Per quanto riguarda il primo, si tratta di un protocollo d’intesa tra la Procura e l’Ufficio del Garante comunale dei diritti delle persone sottoposte a misure limitative della libertà personale di Parma, rappresentato dalla Garante stessa, la prof.ssa Veronica Valenti.
È un rinnovo del protocollo già avviato nel 2021, arricchito in diversi punti e di durata triennale. Ha come scopo il « miglioramento dei rapporti tra la popolazione carceraria e l’Amministrazione della Giustizia, individuando possibili criticità nella gestione delle persone detenute e corrispondenti soluzioni migliorative ».
L’obiettivo è quindi quello di tentare di fare in modo che le domande, le critiche e le richieste dei detenuti nella prigione di Parma non rimangano inascoltate e slegate tra loro. Queste richieste passeranno d’ora in poi direttamente dall’Ufficio del Procuratore capo Alfonso D’Avino che riferirà al carcere per ottenere ulteriori informazioni. Nel caso di reati, si passa attraverso la trattazione ordinaria, nel caso di lamentele di carattere organizzativo invece viene messa in atto un’istruttoria documentale, il cui esito verrà poi comunicato alla Garante, che adotta il ruolo di interfaccia con il detenuto.
Secondo la prof.ssa Valenti, questo protocollo rinnovato non è solamente uno strumento per garantire i diritti dei detenuti ma ha anche una valenza di etica pubblica importante. La realtà carcerale di Parma essendo molto complessa, con un totale di 700 detenuti con regimi diversi, di cui 69 al regime 41 bis, quindi con esigenze diverse, la creazione di un simili protocollo era una necessità. Il nuovo accordo prevede che vengano realizzati degli incontri tra l’Ufficio del Procuratore capo e quello del Garante per discutere delle criticità emesse dai detenuti e delle eventuali soluzioni e sperimentazioni possibili.

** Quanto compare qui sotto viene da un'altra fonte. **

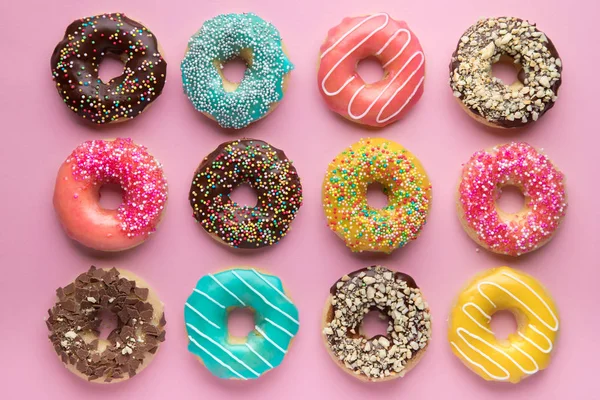 Fundo doce colorido. Deliciosos donuts envidraçados em fundo rosa . Fotos De Bancos De Imagens Sem Royalties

L’idea dietro a questo protocollo è quella di ricostruire il rapporto di fiducia tra cittadini, in particolare quelli in detenzione, e le istituzioni, per cercare di far cadere il «muro di gomma» che separa i detenuti dal resto della società.
Il secondo protocollo è un’intesa tra la Procura e l’Associazione Nazionale Carabinieri (ANC), rappresentata dal maggiore Amico Tallini, ispirata a quella realizzata con la Procura di Bologna, di durata annuale con la possibilità di rinnovo. Si tratta di una collaborazione tra i due enti e ha come scopo lo svolgimento di una serie di attività di volontariato dei soci dell’ANC presso gli Uffici della Procura, in particolare le attività d’ufficio e scollegate all’attività di indagine. L’obiettivo finale è quello di avvicinare l’Arma dei Carabinieri e la Procura.
L’iniziativa nasce dall’esigenza di aiutare gli Uffici della Procura attraverso l’esperienza dei carabinieri soci dell’ANC messa in pratica in ambiti diversi dall’indagine.